Humans construct internal models of the world and reason by manipulating the concepts within
these models. Recent advances in artificial intelligence (AI), particularly chain-of-thought (CoT)
reasoning, approximate such human cognitive abilities, where world models are believed to be
embedded within large language models. Expert-level performance in formal and abstract domains
such as mathematics and programming has been achieved in current systems, which rely
predominantly on verbal reasoning as their primary information-processing pathway. However, they
still lag far behind humans in domains like physical and spatial intelligence, which require richer
representations and prior knowledge. The emergence of unified multimodal models (UMMs) capable
of both verbal and visual generation has therefore sparked interest in more human-like reasoning
grounded in complementary multimodal pathways, though a clear consensus on their benefits has
not yet been reached. From a world-model perspective, this paper presents the first principled study
of when and how visual generation benefits reasoning. Our key position is the visual superiority hypothesis:
for certain tasks--particularly those grounded in the physical world--visual
generation more naturally serves as world models, whereas purely verbal world models encounter
bottlenecks arising from representational limitations or insufficient prior knowledge.
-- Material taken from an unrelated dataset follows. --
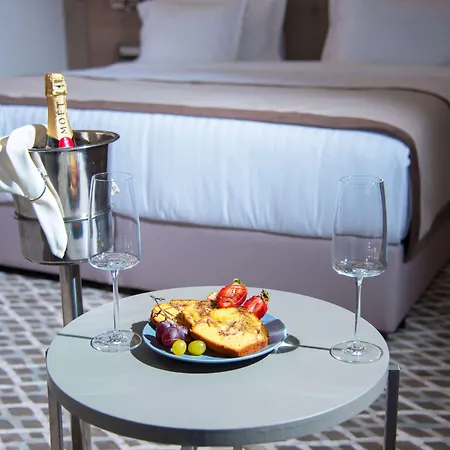 Western Premier Hills Hotel 4*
Theoretically,
we formalize internal world modeling as a core component of deliberate CoT reasoning and analyze
distinctions among different forms of world models from both informativeness and knowledge
aspects. Empirically, we identify and design tasks that necessitate interleaved visual-verbal CoT
reasoning, constructing a new evaluation suite, VisWorld-Eval. Through controlled
experiments on a state-of-the-art UMM, we show that interleaved CoT significantly outperforms
purely verbal CoT on tasks that favor visual world modeling. Conversely, it offers no clear advantage
for tasks that do not require explicit visual modeling. Together, these insights and findings clarify the
applicability and potential of multimodal world modeling and reasoning for more powerful, human-like
multimodal AI. We publicly release our evaluation suite to facilitate further research.